See also: `apps/device_agent/` (where the blocklist + auto-approve whitelist + approval flow live) and issue 0144 §6.4 for the RBAC design.
## POC limitations (intentional)
These are out of scope for 0144a and tracked in sibling issues:
- **No retry**. A single `Call` failure surfaces immediately. The spec accepts this: tool failures go back to the LLM as a `role='tool'` error message and the LLM decides what to do (issue 0144 §7.1 reglas operativas 2).
- **No pre-approval cache**. `RequiresApproval` is metadata only; the actual gate lives on the device_agent (0144 §3) and the pre-approvals table (0144f).
- **No streaming**. Tools are request/response. Long-running commands (`apt-get install` of a 200MB package) block until done or timeout. Streaming for logs is its own future issue.

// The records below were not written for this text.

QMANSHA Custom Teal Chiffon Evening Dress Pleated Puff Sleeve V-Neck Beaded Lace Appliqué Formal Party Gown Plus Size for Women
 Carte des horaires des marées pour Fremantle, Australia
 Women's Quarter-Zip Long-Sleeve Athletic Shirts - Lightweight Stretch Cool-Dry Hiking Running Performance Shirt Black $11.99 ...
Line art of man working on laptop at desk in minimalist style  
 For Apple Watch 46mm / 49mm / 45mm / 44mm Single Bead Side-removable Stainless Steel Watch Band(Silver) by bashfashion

- **No exponential backoff**. The Go HTTP client's transport defaults apply (TCP retries on connect, no per-request retry).
- **No output sanitization**. The Runner formats the result as JSON; sanitization against prompt-injection payloads is 0144g.
- **No telemetry to `call_monitor`**. The hook for `function_id = capability_<name>_<lang>_<domain>` is part of the agent runtime wiring (0144c) — this package emits no metrics on its own.
- **No manifest signing on the request side**. The Client envelope matches the 0134 §2.1 wire format but does NOT sign; manifest signing arrives in 0144h.
## Why these specific design choices
- `Args map[string]any` (object) NOT `[]string` (positional). The current `device_agent` POC uses `[]string` for `shell.exec` (see `apps/device_agent/capability.go`). The 0134 protocol and 0144 spec call for object-shaped args because most capabilities (`fs.read`, `git.clone`, `docker.exec`) are not naturally positional. 0144h migrates the device_agent.
- `ResultMapping` returns `any` instead of `map[string]any`. Some tools (eg the test's `echo` example) collapse their output to a string. The Runner JSON-encodes whatever comes back so the LLM always sees a stable representation.
- `Capability` is a field on `ToolSpec`, not derived from `Name`. The 1:1 mapping is the common case (`fs.read``fs.read`), but `docker.list``docker.container.list` and `project.create` (future) compose multiple capabilities, so the indirection pays for itself.
- Pure/impure split inside one package. `ToolSpec`, schema, mappings, registry are pure data and pure functions. Only `Client.Call` and `Client.Health` do I/O. The runtime composes them; tests substitute the Client.